Die Bevölkerungszahl Deutschlands ist nach Angaben aus dem Innenministerium seit 2003 rückläufig und betrug im März 2011 etwa 81,7 Millionen. Bis 2060 wird sich die Bevölkerung auf 65 beziehungsweise 70 Millionen Menschen reduzieren. Das Geburtenniveau ist in Deutschland dauerhaft niedrig, gegenwärtig bekommen Frauen im Durchschnitt etwa 1,4 bis 1,5 Kinder. Seit über 150 Jahren steigt die Lebenserwartung in Deutschland kontinuierlich an, pro Jahr um etwa drei Monate. Gegenwärtig liegt die Lebenserwartung Neugeborener bei 77,5 Jahren bei Jungen und bei 82,6 Jahren bei Mädchen.

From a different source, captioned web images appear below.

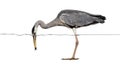 Side view of a Grey Heron catching a fish under water line Royalty Free Stock Photo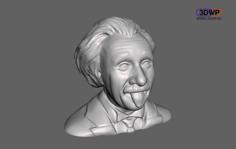 Albert Einstein Bust 3D Printer Model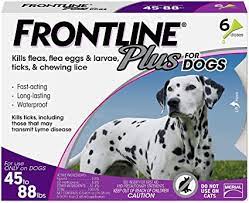 Frontline Plus 2021 In Depth Review Everything You Need To Know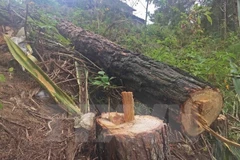 Dak Nong official held for violating forest regulations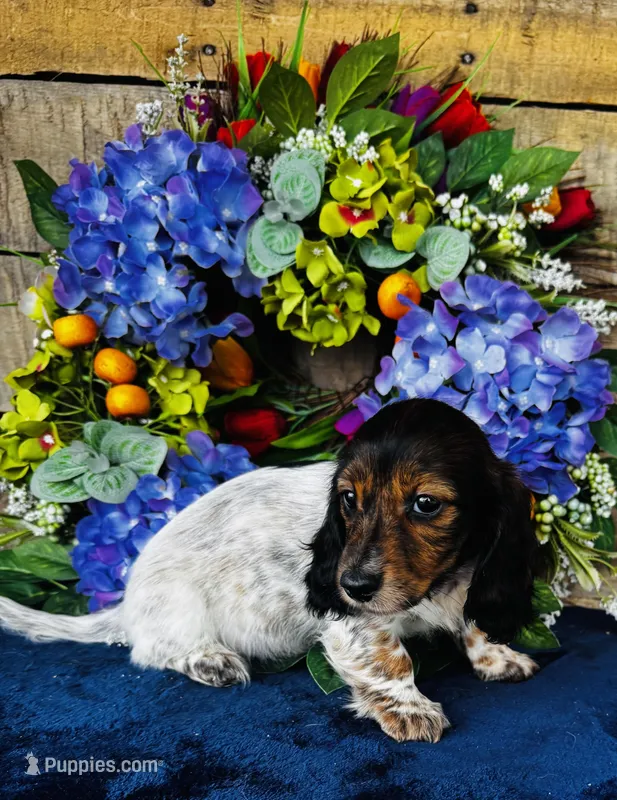 Gabe – Miniature Dachshund puppy for sale in Ardmore, OK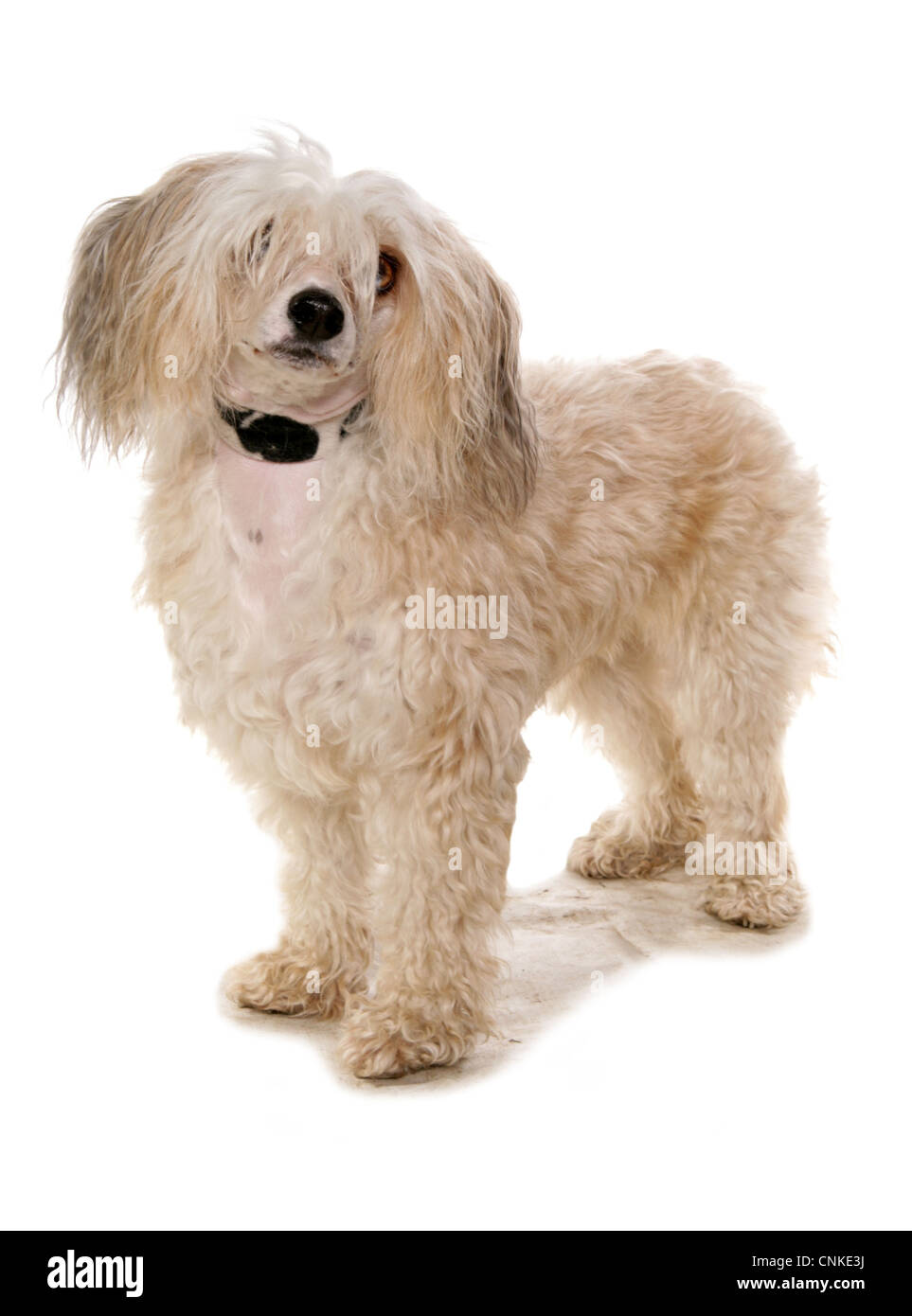 Chinese crested powder puff hires stock photography and images Alamy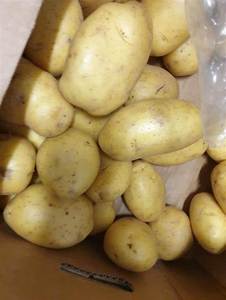 Nueva Temporada 100% Patatas Frescas Ecológicas Precio Mayorista Exportación - Product Image 3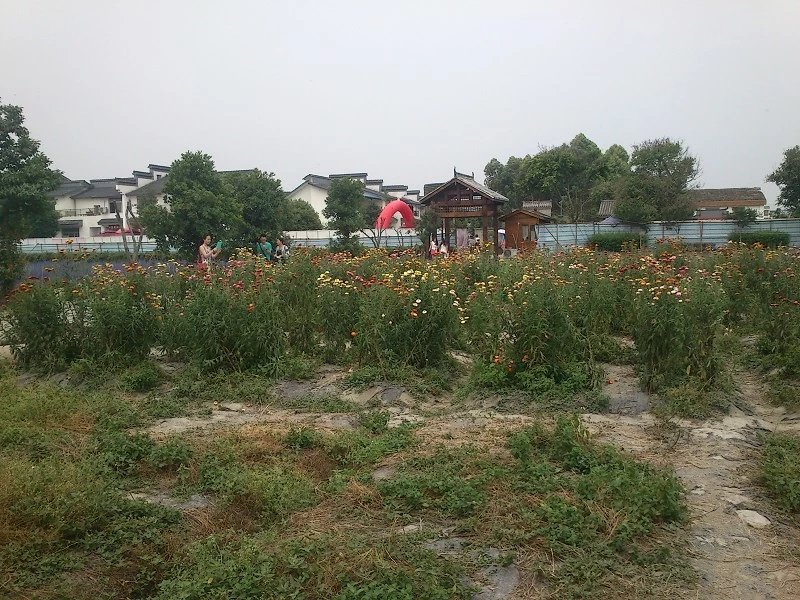 郫都区附近的农家乐和休闲农庄,郫都妈妈农庄照片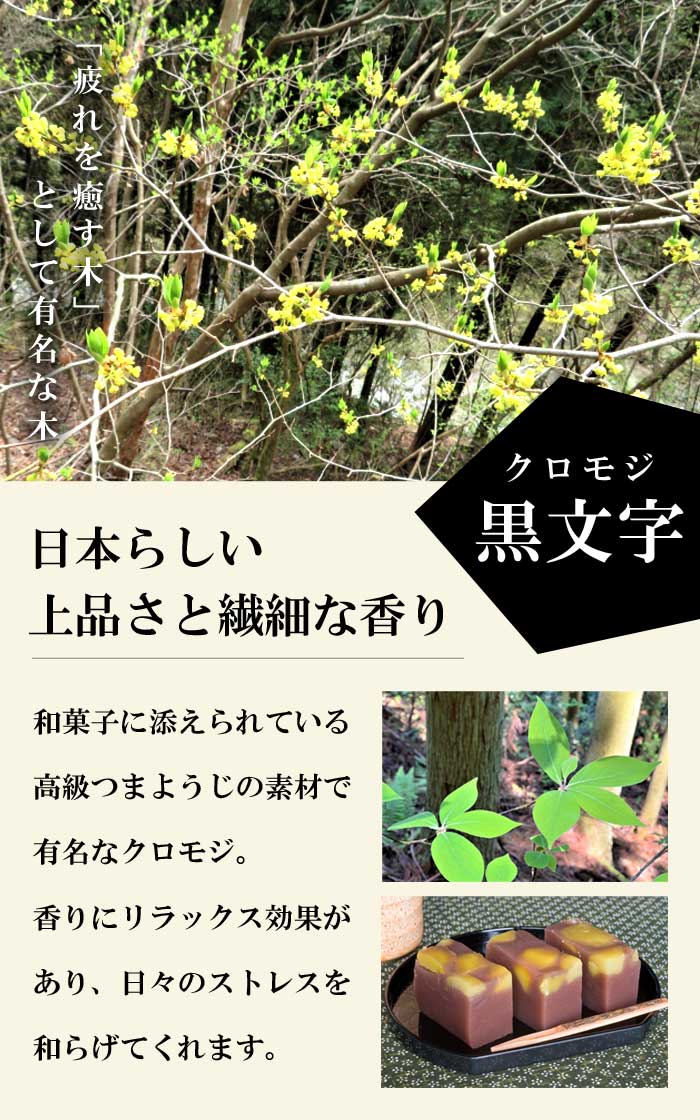 天然クロモジ 苗木 350cm 園芸ネット本店｜クロモジ（黒文字） 3.5号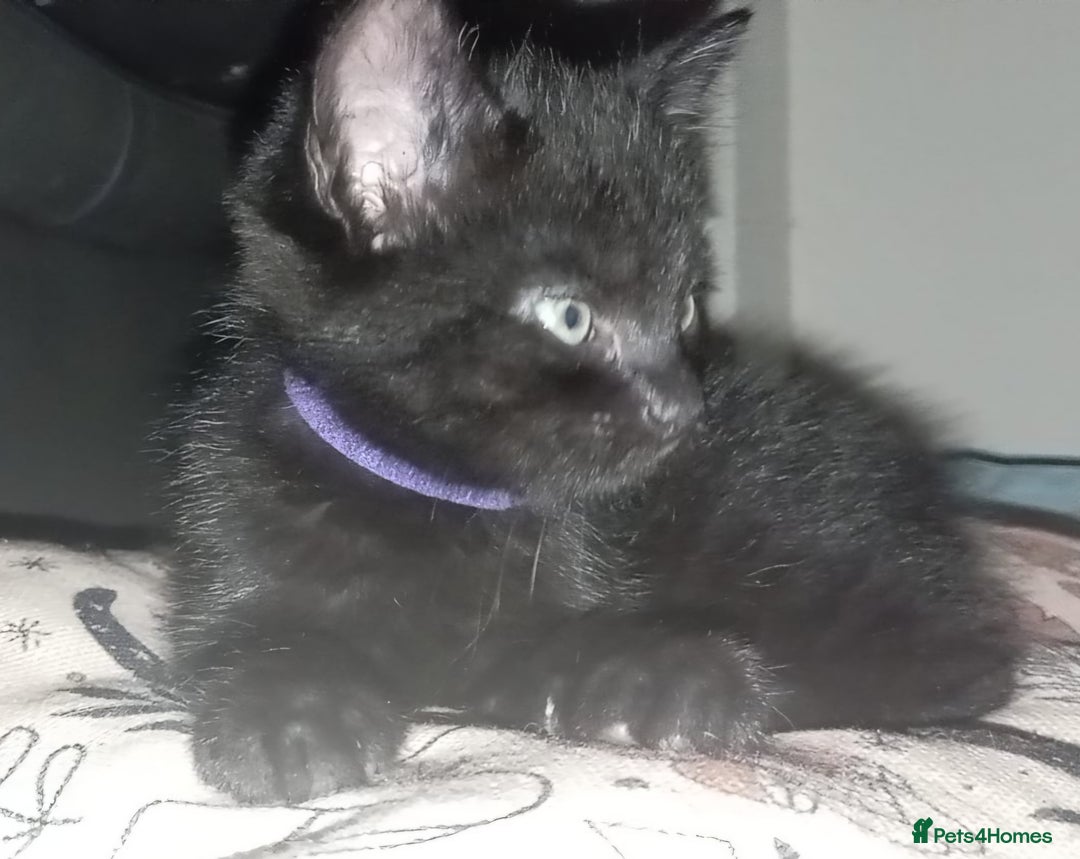 Domestic Shorthair cats for sale: 3 Black Kittens for sale (boy sold) - Image 6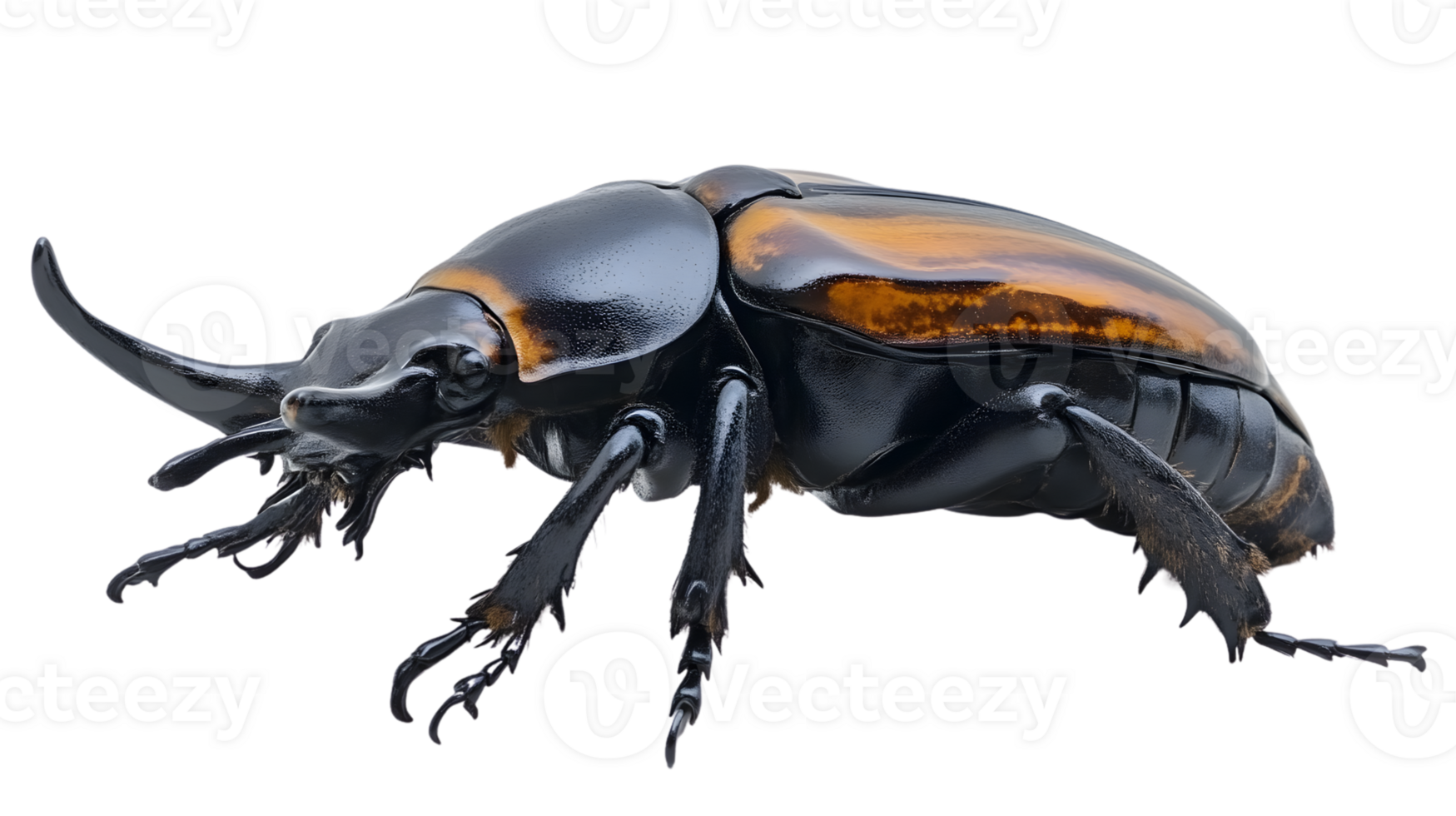 Closeup of a large black and orange beetle with a prominent horn png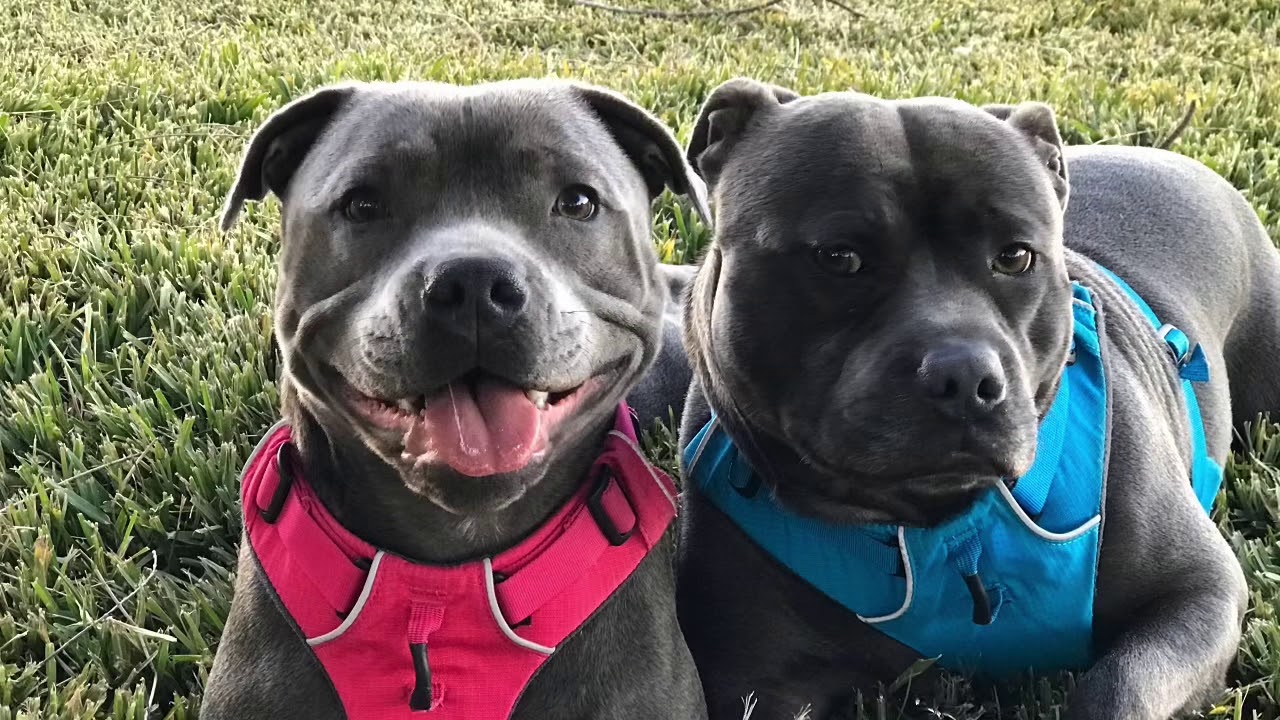 Two crazy Staffordshire bull terriers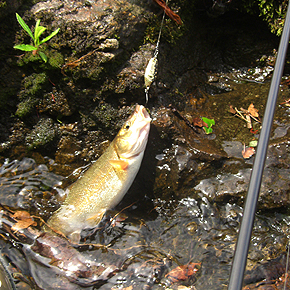 Tribolodon hakonensis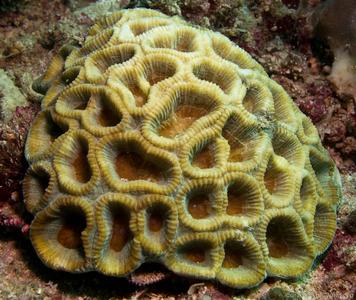 CotW: Favia veroni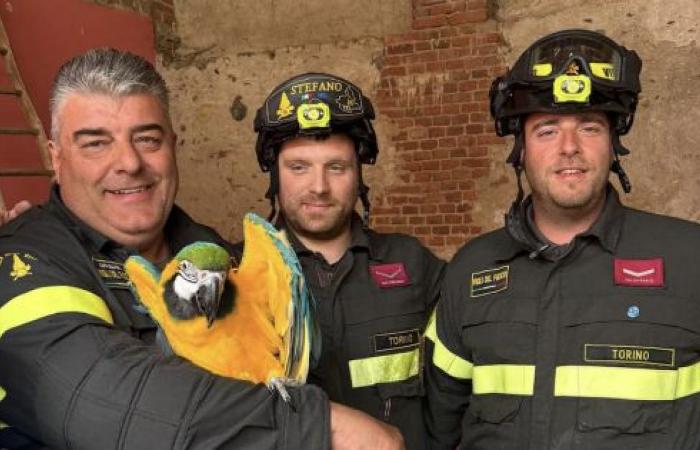 i pompieri salvano un bellissimo pappagallo sul tetto di una casa – .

Für die SPD sind die Pläne trotzdem nur heiße Luft. "Die angebliche Demografiestrategie der Bundesregierung ist weder neu noch strategisch. Sie ist nur ein Potpourri längst bekannter Regierungspläne. Vieles davon ist banal", sagte die Sozialexpertin der SPD-Bundestagsfraktion, Anette Kramme. Natürlich brauchten Kinder aus bildungsfernen Elternhäusern mehr Förderung. Leider äußere sich die Bundesregierung nicht dazu, wie genau sie fördern wolle.

Der Deutsche Gewerkschaftsbund (DGB) forderte einen Kurswechsel bei der Rente. "Zu einer nachhaltigen Demografiestrategie gehört, dass sich auch die Jüngeren auf eine anständige Alterssicherung verlassen können", sagte DGB-Vorstandsmitglied Annelie Buntenbach der Deutschen Presse-Agentur. "Wenn aber die Rentenkürzungen der Politik weiter durchschlagen, wird der Sinkflug der Rente zu einem Sturzflug." Die Regierung müsse aufhören, den Rentenbeitragssatz zu senken und die Rücklagen der gesetzlichen Rentenversicherung "auf Kosten der jüngeren Generationen zu verfrühstücken".

Der Wissenschaftler Reiner Klingholz warf der Politik Versagen vor. Seit vier Jahrzehnten hätten die Verantwortlichen Zeit gehabt, sich auf den demografischen Wandel einzustellen, schreibt der Leiter des Berlin-Instituts für Bevölkerung und Entwicklung in der "Frankfurter Allgemeinen Zeitung". Der Bericht der Bundesregierung sei keine Strategie, "sondern eine kleinteilige Bestandsaufnahme" von Programmen, die ohnehin bereits existierten, so Klingholz. "Eine wirkliche Strategie müsste erstens auf einer schonungslosen Analyse aufbauen, zweitens ein langfristiges, klares Ziel vorgeben und drittens erklären, mit welchen Eingriffen dieses Ziel unter Berücksichtigung der verfügbaren Mittel und Möglichkeiten zu erreichen wäre."